Exactly as they stand, repeat the lines from the one containing "Iphone 16 - 256gb Non PTA" through the final line of the listing, both ends included, and nothing else; skip the pictures.

→ Dataset excerpt:
- - - - -

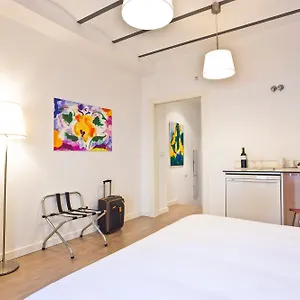 شقة Casa Miravalle Darro, غرناطة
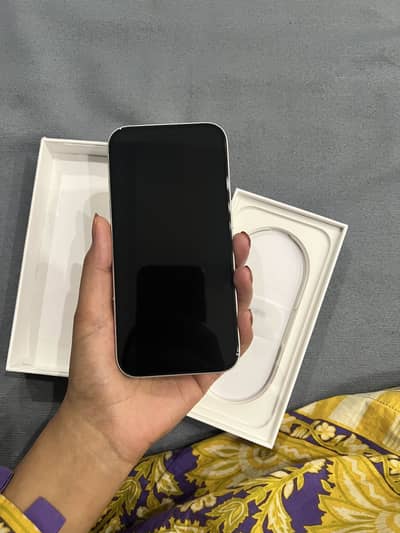 Iphone 16 - 256gb Non PTA
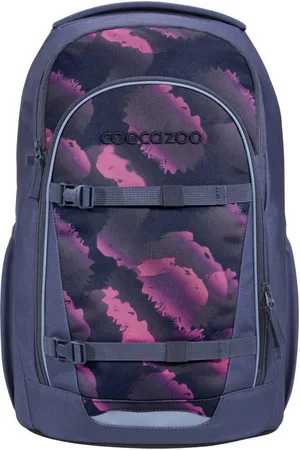 Coocazoo Schulrucksack EVERY, 30 Liter (1-tlg) - Verkäufer: Brand Distribution GmbH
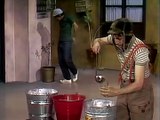 Chaves #60 - O vendedor de refrescos - parte 1 (1974)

- - - - -

→ Your response:
 Iphone 16 - 256gb Non PTA
 Coocazoo Schulrucksack EVERY, 30 Liter (1-tlg) - Verkäufer: Brand Distribution GmbH
 Chaves #60 - O vendedor de refrescos - parte 1 (1974)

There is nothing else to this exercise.